The Catholic Historical Review
- Discipline: History
- Language: English
- Edited by: Nelson Minnich

Publication details
- History: 1915–present
- Publisher: Catholic University of America Press (United States)
- Frequency: Quarterly

Standard abbreviations
- ISO 4: Cathol. Hist. Rev.

Indexing
- ISSN: 0008-8080
- JSTOR: 00088080
- OCLC no.: 1553555

Links
- Journal homepage;

= The Catholic Historical Review =

American academic journal

The Catholic Historical Review (CHR) is the official organ of the American Catholic Historical Association. It was established at The Catholic University of America in 1915 by Thomas Joseph Shahan and Peter Guilday and is published quarterly by The Catholic University of America Press. The first issue contained a foreword by Cardinal James Gibbons who wrote of the journal that "I bespeak for it a generous welcome by the thoughtful men and women of the country, and bestow my blessing on the unselfish, zealous labors of the devoted Faculty of the Catholic University." Nelson Minnich is the editor.

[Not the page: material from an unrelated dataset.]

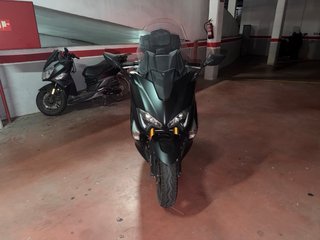 Yamaha TMAX DX 530 Negro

With an international readership and a global array of contributors, CHR publishes significant, original, and preferably archival-based articles in English on topics related to the history of various lived Catholic experiences and their intersections with cultures and other religious traditions over the centuries and throughout the world. In addition, the periodical publishes reviews (single, fora, essays, and articles) written by experts of important books in the field, lists relevant articles that appear in other journals, and includes the section "Notes and Comments" containing news about the Association and other items of interest to readers. Any scholar may submit a manuscript, which is subjected to a rigorous double-blind evaluation. In addition to being available in print form, The Catholic Historical Review is also available electronically through Project MUSE.

==Editors of the Catholic Historical Review==
===List of Editors===
- Thomas Shahan, editor-in-chief (1915–29)
- Peter Guilday, Managing Editor (1929–41), editor-in-chief (1941–47)
- Patrick Browne, Managing Editor (1921–29)
- John Tracy Ellis, Managing Editor (1941–63)
- Robert Trisco, Managing Editor (1963–2005)
- Nelson H. Minnich, Editor (2005–)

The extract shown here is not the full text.